トランプ政権、インテルに90億米ドルの出資を正式決定

トランプ米大統領は25日、米半導体大手のIntel(インテル)に対し約90億米ドル(約1兆3302億円)を出資し、9.9%の株式を取得すると発表した。苦境にある米国半導体大手を支援する狙い。ただ今回の資金注入だけでは、インテルのファウンドリー事業を本格的に成長させるには力不足だという。

インテルは現在、先端の14Aプロセスを支える外部顧客の確保に苦戦している。最高経営責任者(CEO)のLip-Bu Tan(リップ・ブー・タン、陳立武)氏は、もし大口顧客を得られなければ、ファウンドリー事業を断念せざるを得ないと警告している。

かつて米国製造力の象徴だったインテルだが、経営判断の遅れから製造でのリードを台湾積体電路製造(TSMC、台積電)に奪われ、AI(人工知能)チップでもNVIDIA(エヌビディア)に後れを取った。現在は18Aプロセスの歩留まり難題に直面し、品質確保ができなければ新規顧客の獲得は難しいとみられている。

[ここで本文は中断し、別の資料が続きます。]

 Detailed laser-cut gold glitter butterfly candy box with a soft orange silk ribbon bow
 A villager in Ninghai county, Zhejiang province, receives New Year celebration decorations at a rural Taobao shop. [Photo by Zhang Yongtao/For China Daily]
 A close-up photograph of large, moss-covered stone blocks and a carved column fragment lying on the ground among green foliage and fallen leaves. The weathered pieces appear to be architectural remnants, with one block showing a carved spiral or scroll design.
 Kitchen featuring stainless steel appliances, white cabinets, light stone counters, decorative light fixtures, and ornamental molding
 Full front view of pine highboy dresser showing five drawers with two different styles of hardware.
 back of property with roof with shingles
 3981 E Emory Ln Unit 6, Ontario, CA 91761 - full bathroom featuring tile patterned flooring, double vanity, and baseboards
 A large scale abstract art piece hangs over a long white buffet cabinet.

今回の政府出資は、国内生産と雇用回復を掲げるトランプ政権の介入策の一環だ。インテルは総額1,000億米ドル超を投じて米国内の工場拡張を計画しており、年内にもアリゾナ州で量産を開始する予定だ。今回の資金調達でこれらの事業を加速する。

インテルによると、今回の89億米ドルは過去の22億米ドル拠出を上乗せしたもので、総投資額は111億米ドルに達する。さらに政府は5年間のワラントを獲得し、1株当たり20米ドルでインテル株の追加5%取得が可能となる。なお、今回の出資はソフトバンクによる20億米ドル投資に続くもの。

一方で、インテルが直面する市場競争は激しさを増している。TSMCは日本・熊本での投資計画を加速しており、第1工場は今年第4四半期に成熟プロセスで量産を開始、第2工場は27年までに稼働し、6nm/7nmプロセスを導入予定。日本政府も高額補助金を用意して後押ししている。対照的に、インテルは技術・市場の両面で遅れを取り戻す必要があり、技術革新と顧客開拓が生き残りの鍵となっている。